Chinese authorities have repeatedly said they will avoid sudden policy shifts that could derail the recovery, but are slowly normalising policy and clamping down on property speculation in particular.
The sharp jump in producer prices included an 85.8 per cent surge in the oil and natural gas extraction sector from a year ago, while the melting and processing of ferrous metals rose 30 per cent, said Dong Lijuan, senior NBS statistician.
Still, PPI rose 0.9 per cent in April from a month ago, easing from a 1.6 per cent gain the previous month.
Many economists expect China’s GDP growth to exceed 8 per cent in 2021, although some warn that continuing global supply chain disruptions and higher comparison bases will sap some momentum in coming quarters.
The 0.9 per cent CPI increase in April from a year earlier was up on a 0.4 per cent rise in March, driven mostly by gains in non-food prices. However, it missed analysts’ expectations for a 1.0 per cent rise.
Food inflation remained weak. Prices dropped by 0.7 per cent from a year earlier, unchanged from the previous month, weighed by falling pork prices.
Non-food inflation accelerated to 1.3 per cent year on year in April from 0.7 per cent increase in the previous month, as airfares and retail oil prices surged.

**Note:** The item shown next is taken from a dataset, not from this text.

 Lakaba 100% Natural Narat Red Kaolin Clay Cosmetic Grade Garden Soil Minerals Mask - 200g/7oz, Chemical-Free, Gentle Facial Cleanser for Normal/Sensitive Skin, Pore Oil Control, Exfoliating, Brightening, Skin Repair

Core inflation, which excludes volatile energy and food prices, rose 0.7 per cent in April, up from 0.3 per cent in March.
Despite rising pressure from imported global inflation, China’s full-year CPI is likely to be significantly below the official target of around 3 per cent, deputy director at NBS Sheng Laiyun, said on Friday in an interview with Economics Daily.
Sheng attributed China’s likely muted inflation to currently slow core inflation, economic fundamentals where supply has outstripped demand, relatively restrained macropolicy support, recovering pork supply and a limited pass-through effect from PPI to CPI.
“Producer price inflation was the strongest since October 2017 last month, as upstream price pressures remained significant due to supply constraints. This is feeding through to a rebound in consumer price inflation, though with the latter still relatively subdued and upstream price pressures likely to be mostly transient, we still doubt that inflation is about to become a key driver of [People’s Bank of China] policy,” Julian Evans-Pritchard, senior China economist at Capital Economics, said in a statement.
“Looking ahead, supply-side disruptions may persist for a while longer, keeping producer price inflation elevated in the near-term. Alongside a tightening labour market, this looks set to drive a further rebound in consumer price inflation – most likely to around 2 per cent by the end of quarter three.
“That said, we still expect much of the recent surge in upstream price pressure to prove transit, with industrial metal prices likely to drop back later this year as a tighter policy stance weighs on construction activity. As such, we don’t think inflation will rise to the point where it triggers a major policy shift by the [People’s Bank of China].”